Q: Concerns have been raised about waiving impact fees, especially in light of the approval of new development. These fees are necessary to fund any potential infrastructure. How do you think the city should address this issue?
A: Impact fees are necessary and provide the funding for new infrastructure required by growth, so that current residents aren’t asked to subsidize new ones. Consideration is given to those who are redeveloping areas with pre-existing infrastructure. The city is currently considering adding a “mobility” fee” to help pay for transportation impacts, a move I support. Impact fees rates are continuously reviewed and have been recently increased, but remain lower than in the surrounding areas.
Q: Another prescient concern is education, especially about potential overcrowding and understaffing. How will overcrowding be addressed? Will developers be required to set aside “so much” land for schools? Will you put pressure on the Polk County School Board to allocate funds to the Lake Wales Charter Schools?
A: While the Mayor and Commissioner do not have direct authority with the Charter School system, education is an essential element of a “livable city.” Strengthening the partnership with the County and the school system is necessary. The City can set requirements for large projects, and setting aside acreage for school sites is a serious possibility. The understaffing of schools is not unique to Lake Wales. and uniting the community behind the Charter School system ensures that they can continue to provide an excellent education for our students.
Q: Finally, there’s infrastructure. Many citizens have voiced concerns about Chalet Suzanne Road and their desire to see a sidewalk there. Others want existing streets to be repaved such as the road in front of Spook Hill Elementary. What plans and priorities towards infrastructure do you want the city to implement?
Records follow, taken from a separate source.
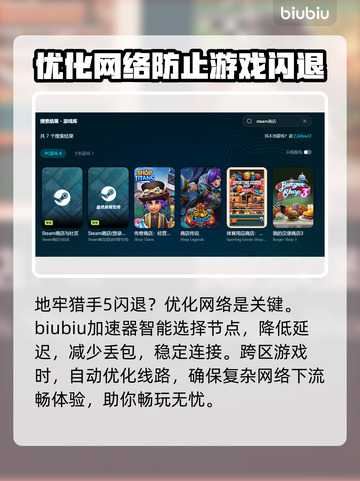 地牢猎手5闪退？这样解决超简单！💥🔥截图3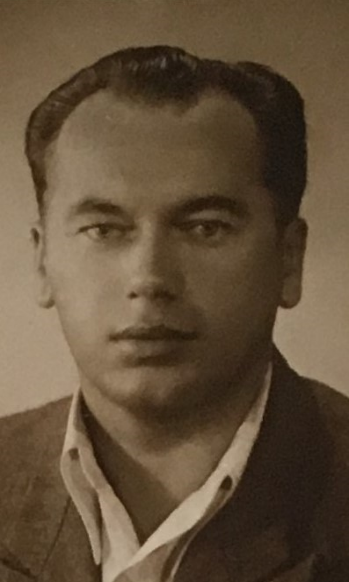 Eduards Berklavs 1952. gads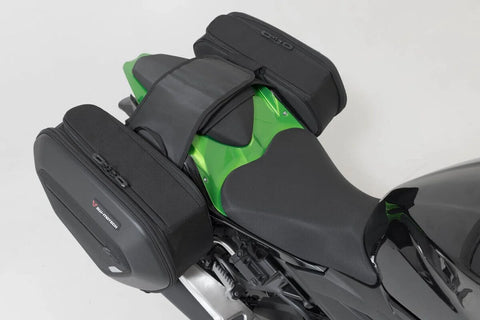 SW-Motech PRO Blaze H Saddlebag Set — Kawasaki Ninja / Z 400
A: Mobility is a required element of a livable city and providing access to mobility is a factor in assuring that our housing remains affordable as well. Mobility includes the issues of safety, congestion, maintenance, and various modes of transportation walking, driving, public transportation, and vehicles. Partnering with county, state, and Federal governments to seek funding for new sidewalks, turn lanes, and similar projects. Strategic planning for infrastructure that will be needed for the future is essential and should be continuously reviewed. I recently attended a luncheon with business leaders where the message was “The best way to predict the future is to create it yourself.”